Cascadeur à Hong Kong dès l’âge de 18 ans, coordinateur de cascades, chorégraphe, action designer puis réalisateur de seconde équipe, Jude Poyer a construit sa carrière entre l’Asie et l’Occident. Collaborateur de Gareth Evans sur Apostle (Le Bon Apôtre), Gangs of London et Havoc (Ravage), il a également conçu les scènes d’action de Farang de Xavier Gens. Dans cette première partie d’un long entretien réalisé en mai 2023, il revient sur ses années de formation à Hong Kong, sa découverte du métier d’« action director » et la philosophie du cinéma d’action qu’il a développée au contact de cinéastes et chorégraphes hongkongais.
Note de CinéFlamme — 2026
J’ai rencontré Jude Poyer en mai 2023, quelques semaines avant la sortie française de Farang de Xavier Gens. À l’époque, son nom était encore relativement peu connu du grand public. Pourtant, derrière certaines des séquences d’action les plus impressionnantes de Gangs of London ou de Farang se trouvait un Britannique dont le parcours avait commencé près de trente ans plus tôt à plusieurs milliers de kilomètres de Londres : à Hong Kong.
Passionné de cinéma et d’arts martiaux depuis l’enfance, Jude Poyer n’a que 18 ans lorsqu’il s’y installe en 1996. Il va y rester huit ans, travaillant comme cascadeur et acteur spécialisé dans les scènes de combat avant de commencer à coordonner lui-même des cascades. Cette période est fondamentale pour comprendre son travail.
Poyer arrive à Hong Kong à une époque où l’industrie locale possède encore une conception de l’action très différente de celle du cinéma occidental. Un chorégraphe ou un coordinateur de cascades n’y est pas nécessairement considéré comme un simple technicien chargé d’assurer la sécurité des acteurs. L’action director peut concevoir une séquence, décider de son découpage, placer la caméra et parfois la réaliser presque indépendamment du réalisateur principal.
Jude Poyer apprend ce métier au contact de cinéastes et de chorégraphes dont il admirait auparavant les films. Sammo Hung devient l’une de ses influences majeures. Stephen Tung Wai lui fait découvrir concrètement la fonction d’action director. Il travaille également sur des productions de toutes tailles, depuis des films tournés à une vitesse vertigineuse jusqu’à de grosses productions internationales.
Lorsqu’il rentre au Royaume-Uni après huit années passées à Hong Kong, le choc est important. Il découvre une industrie beaucoup plus compartimentée dans laquelle les cascadeurs sont souvent considérés comme des techniciens ou des athlètes plutôt que comme des cinéastes.
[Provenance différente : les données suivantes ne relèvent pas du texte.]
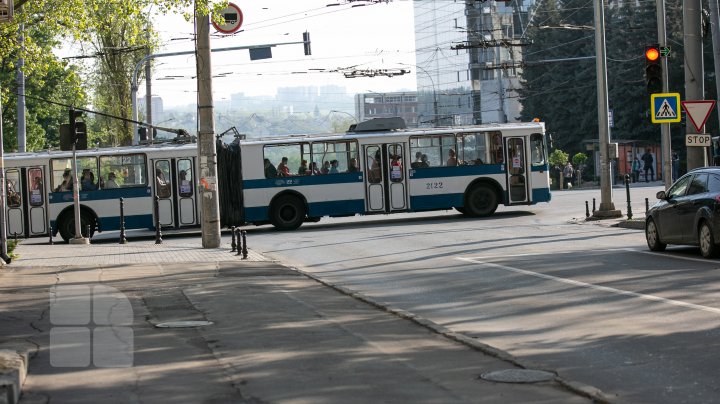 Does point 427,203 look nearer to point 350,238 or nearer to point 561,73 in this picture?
point 350,238

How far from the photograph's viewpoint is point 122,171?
35375 mm

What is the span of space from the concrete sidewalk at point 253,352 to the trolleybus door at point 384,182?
17.9m

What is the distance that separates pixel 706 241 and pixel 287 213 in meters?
18.8

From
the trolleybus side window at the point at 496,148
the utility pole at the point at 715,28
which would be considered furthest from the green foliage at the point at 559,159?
the utility pole at the point at 715,28

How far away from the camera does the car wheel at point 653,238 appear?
800 inches

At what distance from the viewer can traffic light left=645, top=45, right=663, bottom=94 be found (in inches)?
1019

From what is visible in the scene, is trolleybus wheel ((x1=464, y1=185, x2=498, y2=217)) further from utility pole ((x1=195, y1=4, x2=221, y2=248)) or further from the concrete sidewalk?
the concrete sidewalk

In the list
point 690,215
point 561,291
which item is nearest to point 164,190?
point 690,215

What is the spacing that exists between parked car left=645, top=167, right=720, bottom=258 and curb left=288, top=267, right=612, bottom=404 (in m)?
6.15

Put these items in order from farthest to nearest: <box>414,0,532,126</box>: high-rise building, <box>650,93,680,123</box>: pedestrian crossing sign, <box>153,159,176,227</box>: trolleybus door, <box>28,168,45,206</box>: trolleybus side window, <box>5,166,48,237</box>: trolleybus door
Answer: <box>414,0,532,126</box>: high-rise building, <box>153,159,176,227</box>: trolleybus door, <box>28,168,45,206</box>: trolleybus side window, <box>5,166,48,237</box>: trolleybus door, <box>650,93,680,123</box>: pedestrian crossing sign

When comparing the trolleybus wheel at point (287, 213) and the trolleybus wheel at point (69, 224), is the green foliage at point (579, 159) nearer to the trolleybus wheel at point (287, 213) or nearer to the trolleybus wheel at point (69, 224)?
the trolleybus wheel at point (287, 213)

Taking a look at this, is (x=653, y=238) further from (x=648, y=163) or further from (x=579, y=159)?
(x=579, y=159)

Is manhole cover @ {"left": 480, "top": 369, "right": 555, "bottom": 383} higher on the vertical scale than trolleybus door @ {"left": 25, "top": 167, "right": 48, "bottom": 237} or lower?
lower

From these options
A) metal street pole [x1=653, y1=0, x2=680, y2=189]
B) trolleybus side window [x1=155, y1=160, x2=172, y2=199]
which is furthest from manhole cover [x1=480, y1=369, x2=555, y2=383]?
trolleybus side window [x1=155, y1=160, x2=172, y2=199] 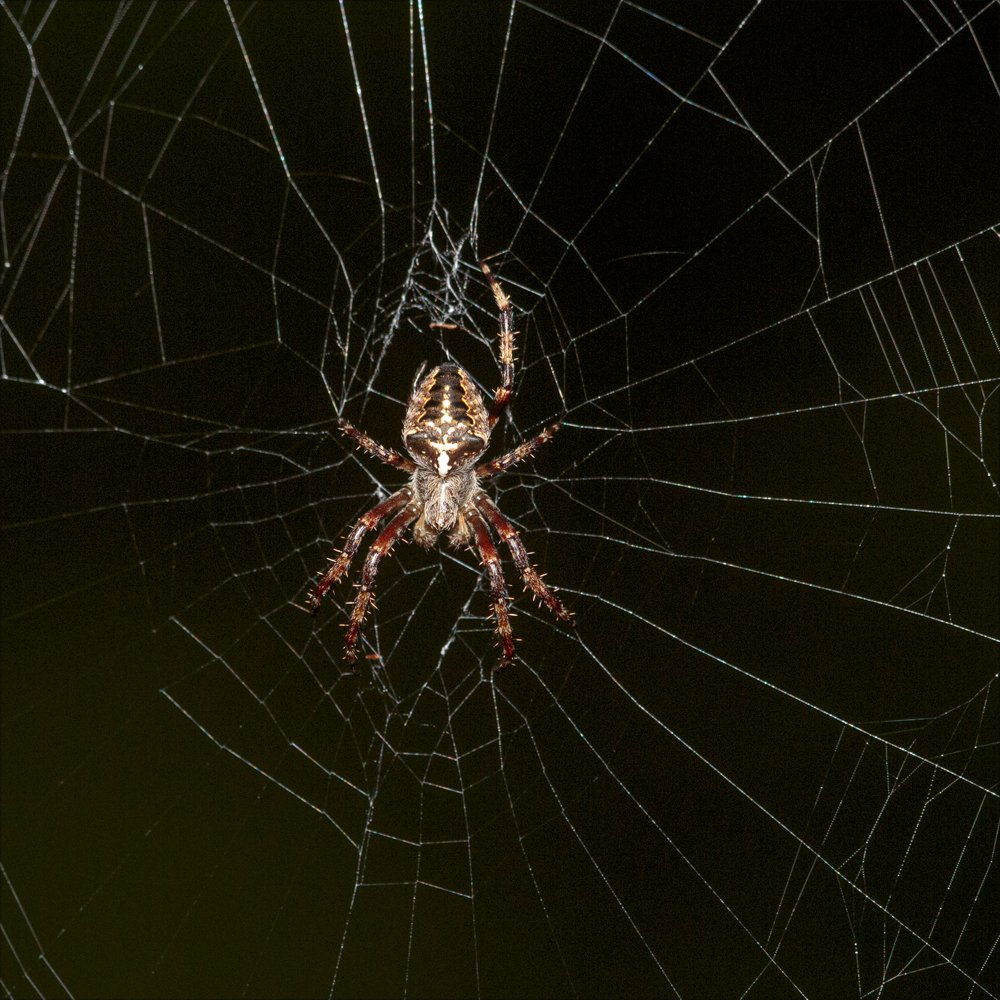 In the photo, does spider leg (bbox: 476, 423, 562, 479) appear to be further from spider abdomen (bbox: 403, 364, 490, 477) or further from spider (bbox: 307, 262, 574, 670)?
spider abdomen (bbox: 403, 364, 490, 477)

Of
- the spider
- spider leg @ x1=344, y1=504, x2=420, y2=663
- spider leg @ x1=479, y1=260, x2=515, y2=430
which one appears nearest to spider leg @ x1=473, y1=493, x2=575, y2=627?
the spider

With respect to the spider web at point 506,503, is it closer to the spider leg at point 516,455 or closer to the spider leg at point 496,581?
the spider leg at point 516,455

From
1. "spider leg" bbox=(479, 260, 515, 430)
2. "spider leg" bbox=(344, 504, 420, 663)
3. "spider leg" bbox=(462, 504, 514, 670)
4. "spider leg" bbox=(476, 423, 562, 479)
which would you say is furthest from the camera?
"spider leg" bbox=(344, 504, 420, 663)

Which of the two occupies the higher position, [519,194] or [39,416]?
[519,194]

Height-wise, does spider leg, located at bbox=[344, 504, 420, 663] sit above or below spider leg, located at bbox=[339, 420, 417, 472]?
below

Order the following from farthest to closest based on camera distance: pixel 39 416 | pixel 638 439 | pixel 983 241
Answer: pixel 39 416, pixel 638 439, pixel 983 241

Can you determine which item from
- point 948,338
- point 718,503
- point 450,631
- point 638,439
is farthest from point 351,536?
point 948,338

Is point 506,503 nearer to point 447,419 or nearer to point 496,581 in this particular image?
point 496,581

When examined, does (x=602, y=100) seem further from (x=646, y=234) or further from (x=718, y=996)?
(x=718, y=996) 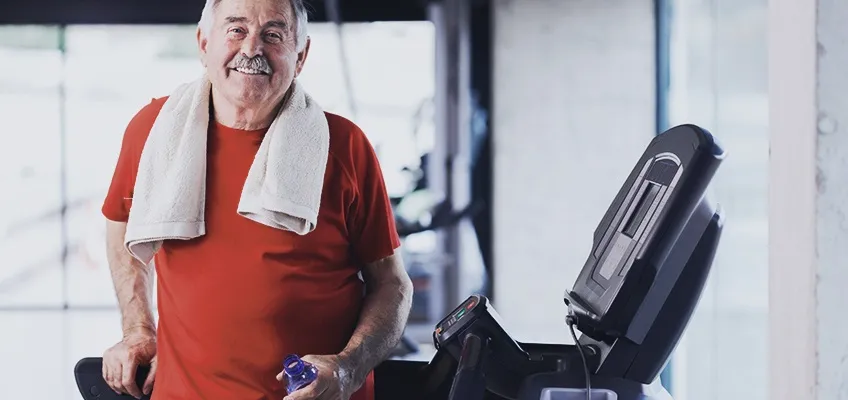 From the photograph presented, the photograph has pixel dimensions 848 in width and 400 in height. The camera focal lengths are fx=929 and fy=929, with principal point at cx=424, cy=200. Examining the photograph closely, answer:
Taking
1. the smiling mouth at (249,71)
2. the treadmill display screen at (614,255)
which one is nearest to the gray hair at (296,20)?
the smiling mouth at (249,71)

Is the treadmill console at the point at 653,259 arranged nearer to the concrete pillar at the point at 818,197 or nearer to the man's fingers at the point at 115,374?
the concrete pillar at the point at 818,197

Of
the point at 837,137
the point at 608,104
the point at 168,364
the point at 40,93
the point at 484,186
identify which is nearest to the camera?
the point at 837,137

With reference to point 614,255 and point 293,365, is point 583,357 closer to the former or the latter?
point 614,255

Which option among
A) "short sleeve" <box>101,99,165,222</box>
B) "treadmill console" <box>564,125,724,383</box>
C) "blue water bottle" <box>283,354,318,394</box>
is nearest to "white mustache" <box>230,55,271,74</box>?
"short sleeve" <box>101,99,165,222</box>

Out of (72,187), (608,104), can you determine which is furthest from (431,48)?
(72,187)

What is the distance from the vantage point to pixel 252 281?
4.92 feet

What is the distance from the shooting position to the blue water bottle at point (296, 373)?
4.53 ft

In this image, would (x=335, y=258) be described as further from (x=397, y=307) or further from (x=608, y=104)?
(x=608, y=104)

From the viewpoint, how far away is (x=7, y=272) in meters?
6.61

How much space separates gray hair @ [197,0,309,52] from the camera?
158 cm

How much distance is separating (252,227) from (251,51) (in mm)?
285

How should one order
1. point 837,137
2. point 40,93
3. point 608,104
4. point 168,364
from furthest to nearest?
point 40,93
point 608,104
point 168,364
point 837,137

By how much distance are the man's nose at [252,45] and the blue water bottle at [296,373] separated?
492 mm

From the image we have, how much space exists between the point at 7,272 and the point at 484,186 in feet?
11.6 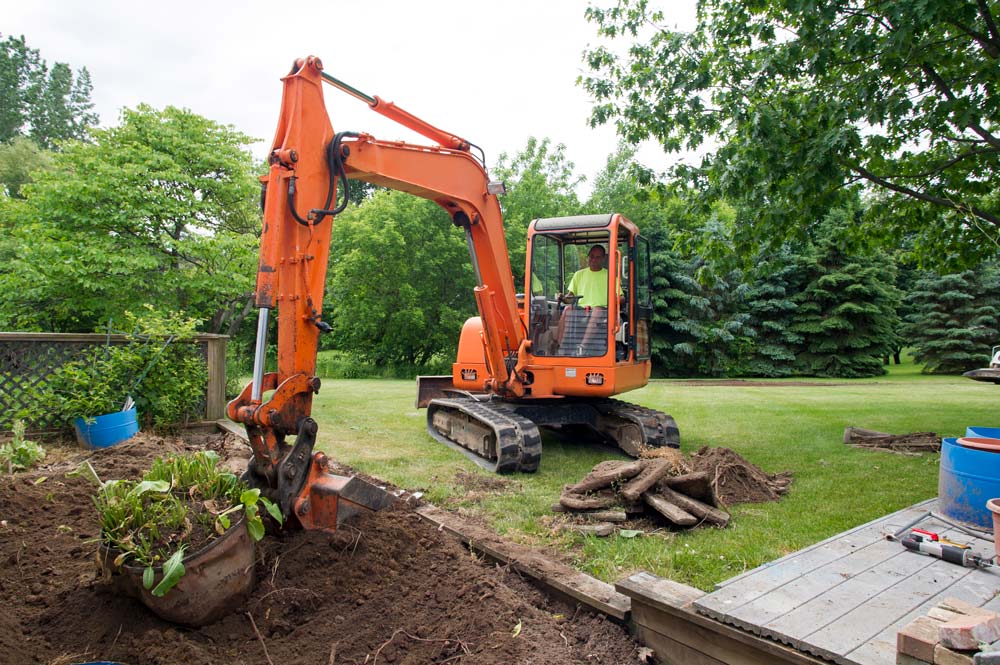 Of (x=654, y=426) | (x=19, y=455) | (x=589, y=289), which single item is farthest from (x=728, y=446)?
(x=19, y=455)

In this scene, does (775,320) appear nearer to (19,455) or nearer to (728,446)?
(728,446)

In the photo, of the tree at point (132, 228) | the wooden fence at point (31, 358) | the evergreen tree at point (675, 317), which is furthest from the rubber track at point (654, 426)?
the evergreen tree at point (675, 317)

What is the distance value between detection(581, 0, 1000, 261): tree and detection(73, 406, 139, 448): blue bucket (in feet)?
23.0

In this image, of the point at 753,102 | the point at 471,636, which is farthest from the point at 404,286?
the point at 471,636

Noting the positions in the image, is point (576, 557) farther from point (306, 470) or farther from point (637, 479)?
point (306, 470)

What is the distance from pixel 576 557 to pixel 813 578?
54.6 inches

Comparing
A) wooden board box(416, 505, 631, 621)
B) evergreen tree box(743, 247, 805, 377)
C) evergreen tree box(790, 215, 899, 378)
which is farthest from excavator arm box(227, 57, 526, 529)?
evergreen tree box(790, 215, 899, 378)

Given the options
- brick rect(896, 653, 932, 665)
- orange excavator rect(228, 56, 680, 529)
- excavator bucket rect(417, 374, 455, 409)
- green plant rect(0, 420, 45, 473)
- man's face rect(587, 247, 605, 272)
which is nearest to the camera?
brick rect(896, 653, 932, 665)

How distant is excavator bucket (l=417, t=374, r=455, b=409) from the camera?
30.9 ft

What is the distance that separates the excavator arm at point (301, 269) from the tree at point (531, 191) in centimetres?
1962

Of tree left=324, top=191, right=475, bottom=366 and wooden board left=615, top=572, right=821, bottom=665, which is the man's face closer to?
wooden board left=615, top=572, right=821, bottom=665

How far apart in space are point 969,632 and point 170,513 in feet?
10.2

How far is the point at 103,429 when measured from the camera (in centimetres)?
651

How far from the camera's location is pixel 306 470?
364cm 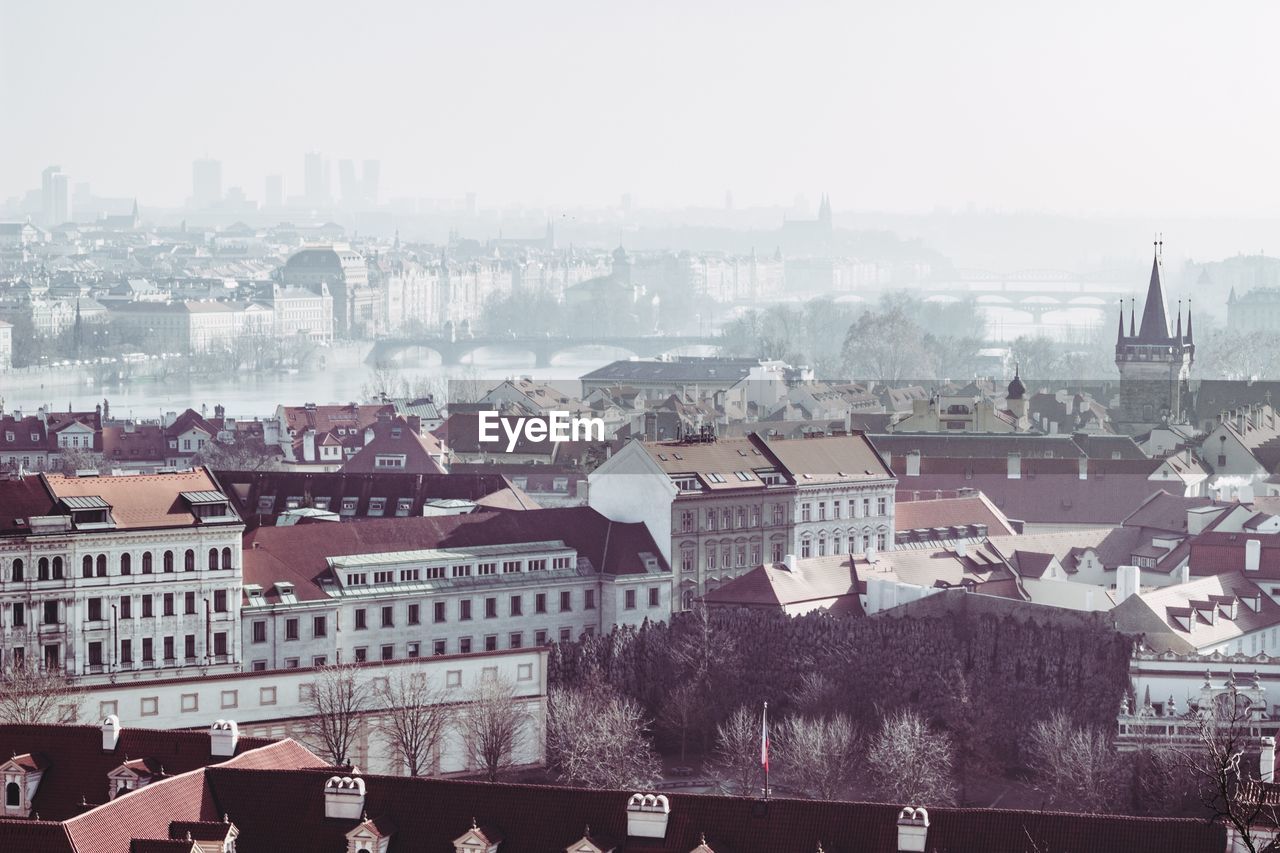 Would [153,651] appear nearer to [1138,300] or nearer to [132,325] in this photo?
[132,325]

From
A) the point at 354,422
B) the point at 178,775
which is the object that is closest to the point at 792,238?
the point at 354,422

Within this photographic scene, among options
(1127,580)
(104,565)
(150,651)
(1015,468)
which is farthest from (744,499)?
(1015,468)

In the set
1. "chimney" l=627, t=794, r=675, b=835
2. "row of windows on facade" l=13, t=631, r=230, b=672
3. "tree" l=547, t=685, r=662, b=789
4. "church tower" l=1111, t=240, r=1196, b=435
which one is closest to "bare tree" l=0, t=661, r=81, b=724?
"row of windows on facade" l=13, t=631, r=230, b=672

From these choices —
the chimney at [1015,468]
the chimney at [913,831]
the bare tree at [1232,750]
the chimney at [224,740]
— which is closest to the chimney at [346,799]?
the chimney at [224,740]

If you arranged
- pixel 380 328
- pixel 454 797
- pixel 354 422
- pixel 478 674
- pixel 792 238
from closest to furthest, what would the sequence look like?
pixel 454 797 < pixel 478 674 < pixel 354 422 < pixel 380 328 < pixel 792 238

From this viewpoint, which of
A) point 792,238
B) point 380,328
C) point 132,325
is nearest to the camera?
point 132,325

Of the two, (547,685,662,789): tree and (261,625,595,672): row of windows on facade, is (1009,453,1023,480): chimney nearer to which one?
(261,625,595,672): row of windows on facade

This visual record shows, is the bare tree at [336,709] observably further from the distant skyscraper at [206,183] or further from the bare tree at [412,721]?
the distant skyscraper at [206,183] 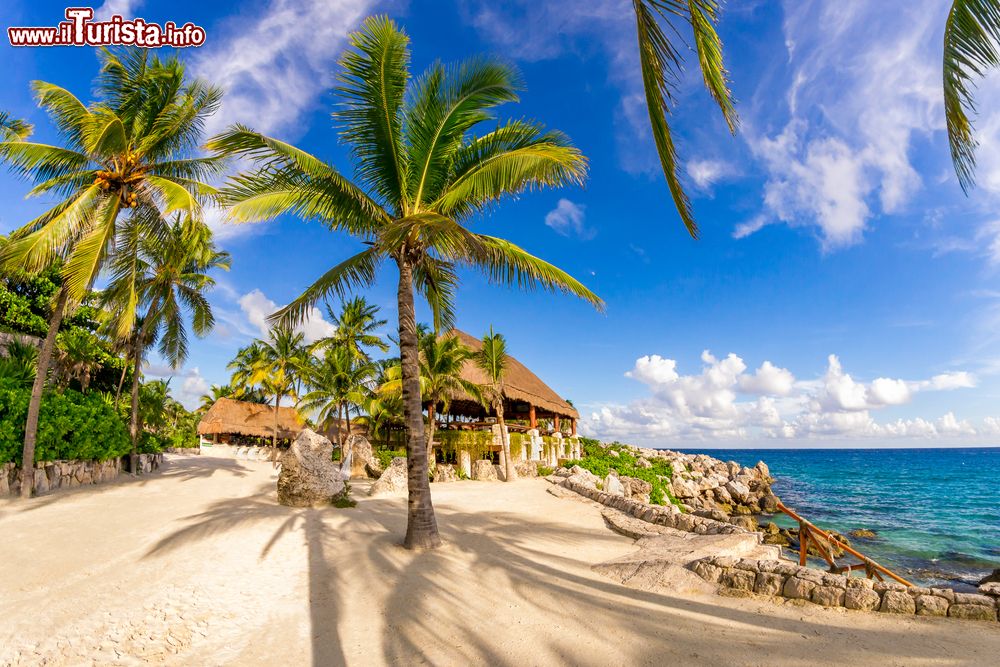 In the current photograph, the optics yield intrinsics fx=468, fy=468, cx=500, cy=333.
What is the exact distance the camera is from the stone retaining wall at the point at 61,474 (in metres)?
10.9

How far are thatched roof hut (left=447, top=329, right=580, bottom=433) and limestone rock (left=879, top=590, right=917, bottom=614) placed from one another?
18.3 metres

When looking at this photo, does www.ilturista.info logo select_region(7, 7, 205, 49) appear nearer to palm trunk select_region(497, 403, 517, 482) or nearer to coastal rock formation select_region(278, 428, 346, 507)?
coastal rock formation select_region(278, 428, 346, 507)

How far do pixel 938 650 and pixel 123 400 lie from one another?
28425 mm

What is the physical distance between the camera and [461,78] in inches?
306

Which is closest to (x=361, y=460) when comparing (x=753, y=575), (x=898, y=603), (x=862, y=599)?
(x=753, y=575)

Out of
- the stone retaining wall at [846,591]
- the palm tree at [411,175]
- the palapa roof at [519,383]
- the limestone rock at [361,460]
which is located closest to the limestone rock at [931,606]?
the stone retaining wall at [846,591]

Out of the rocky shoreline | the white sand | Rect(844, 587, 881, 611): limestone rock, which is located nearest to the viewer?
the white sand

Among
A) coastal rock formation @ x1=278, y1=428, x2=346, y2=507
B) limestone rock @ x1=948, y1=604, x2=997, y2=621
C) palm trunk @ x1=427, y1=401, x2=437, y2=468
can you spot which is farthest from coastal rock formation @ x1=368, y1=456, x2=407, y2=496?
limestone rock @ x1=948, y1=604, x2=997, y2=621

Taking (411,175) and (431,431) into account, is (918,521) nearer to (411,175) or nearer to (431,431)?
(431,431)

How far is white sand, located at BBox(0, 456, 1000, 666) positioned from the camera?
4352 mm

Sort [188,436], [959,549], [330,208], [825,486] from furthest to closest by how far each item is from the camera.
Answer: [188,436]
[825,486]
[959,549]
[330,208]

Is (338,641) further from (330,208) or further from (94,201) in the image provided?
(94,201)

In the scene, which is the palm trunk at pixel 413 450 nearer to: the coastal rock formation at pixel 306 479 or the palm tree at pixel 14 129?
the coastal rock formation at pixel 306 479

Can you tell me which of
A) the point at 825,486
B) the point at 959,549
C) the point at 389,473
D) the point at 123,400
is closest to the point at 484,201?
the point at 389,473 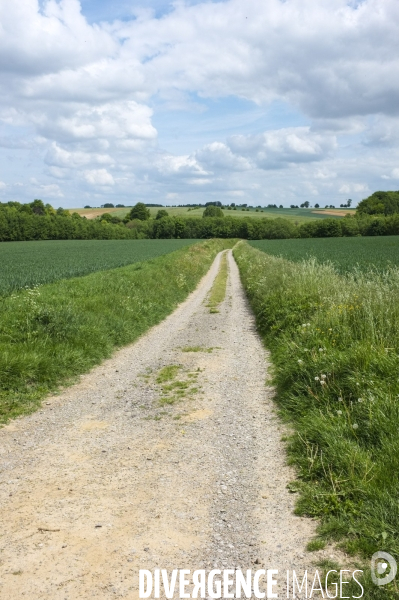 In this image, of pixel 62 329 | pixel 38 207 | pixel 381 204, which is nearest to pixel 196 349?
pixel 62 329

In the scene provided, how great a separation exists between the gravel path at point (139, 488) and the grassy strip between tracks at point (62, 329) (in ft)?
1.88

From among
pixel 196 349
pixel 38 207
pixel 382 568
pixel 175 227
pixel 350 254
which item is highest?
pixel 38 207

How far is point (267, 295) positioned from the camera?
16.5 meters

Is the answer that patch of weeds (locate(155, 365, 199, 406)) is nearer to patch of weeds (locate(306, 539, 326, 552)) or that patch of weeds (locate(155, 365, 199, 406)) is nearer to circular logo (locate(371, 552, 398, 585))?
patch of weeds (locate(306, 539, 326, 552))

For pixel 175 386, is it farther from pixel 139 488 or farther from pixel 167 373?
pixel 139 488

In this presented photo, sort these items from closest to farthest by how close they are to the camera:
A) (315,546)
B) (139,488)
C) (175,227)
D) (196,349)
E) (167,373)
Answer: (315,546) < (139,488) < (167,373) < (196,349) < (175,227)

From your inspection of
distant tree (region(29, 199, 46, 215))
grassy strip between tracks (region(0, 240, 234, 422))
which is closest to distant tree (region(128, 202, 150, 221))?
distant tree (region(29, 199, 46, 215))

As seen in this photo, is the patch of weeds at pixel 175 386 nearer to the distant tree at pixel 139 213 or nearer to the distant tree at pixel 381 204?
the distant tree at pixel 381 204

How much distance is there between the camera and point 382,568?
3742 mm

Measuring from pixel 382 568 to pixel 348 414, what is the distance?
2.40 m

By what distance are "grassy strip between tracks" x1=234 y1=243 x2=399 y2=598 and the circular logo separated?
2.1 inches

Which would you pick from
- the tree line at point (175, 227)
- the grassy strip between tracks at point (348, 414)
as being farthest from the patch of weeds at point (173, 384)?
the tree line at point (175, 227)

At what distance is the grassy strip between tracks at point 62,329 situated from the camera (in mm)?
8430

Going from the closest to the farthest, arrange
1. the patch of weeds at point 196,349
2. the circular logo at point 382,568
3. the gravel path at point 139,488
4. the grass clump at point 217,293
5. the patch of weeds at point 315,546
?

Pour quelqu’un habitué à voir un chorégraphe hongkongais prendre une caméra des mains d’un directeur de la photographie afin d’obtenir exactement le plan nécessaire, cette séparation lui paraît parfois incompréhensible.
Progressivement, Poyer refuse donc de se définir uniquement comme stunt coordinator. Il revendique le terme d’action designer : quelqu’un qui ne se contente pas d’inventer les mouvements exécutés par les cascadeurs, mais réfléchit également à la manière dont ils seront cadrés, photographiés, montés et intégrés au récit. Sa rencontre avec Gareth Evans va lui permettre d’appliquer cette philosophie à une tout autre échelle.
En 2023, notre longue conversation devait initialement accompagner la sortie de Farang. Une version condensée de l’entretien, principalement consacrée au film de Xavier Gens, fut publiée dans le magazine français CinemaTeaser. L’entretien original était cependant beaucoup plus long. Les passages réunis dans cette série n’avaient pas été retenus dans cette publication et permettent de remonter aux sources de la méthode Jude Poyer : Hong Kong, Sammo Hung, Gareth Evans et cette conviction qu’une scène d’action doit être pensée et réalisée comme une véritable scène de cinéma.
« J’ai commencé dans l’industrie à Hong Kong »
Pouvez-vous vous présenter et expliquer exactement ce que fait un action designer ?
Je m’appelle Jude Poyer. Je suis action designer et réalisateur de seconde équipe. J’ai commencé dans l’industrie comme cascadeur et acteur spécialisé dans l’action, puis je suis passé à la coordination des cascades.
Aujourd’hui, je me concentre davantage sur la conception des séquences d’action. Cela signifie chorégraphier, réfléchir à la manière dont les cascades vont être filmées, mais également m’occuper davantage du tournage et du montage des scènes d’action.
Comment êtes-vous passé du métier de cascadeur à celui d’action designer ? Qui ont été vos professeurs ? Comment avez-vous appris ?
J’ai commencé dans l’industrie à Hong Kong. Je suis parti là-bas à 18 ans. Je pratiquais les arts martiaux depuis l’âge de huit ans environ et j’avais toujours adoré le cinéma, particulièrement les films d’action asiatiques. Je pensais que les films d’action et d’arts martiaux hongkongais proposaient les meilleures scènes d’action au monde.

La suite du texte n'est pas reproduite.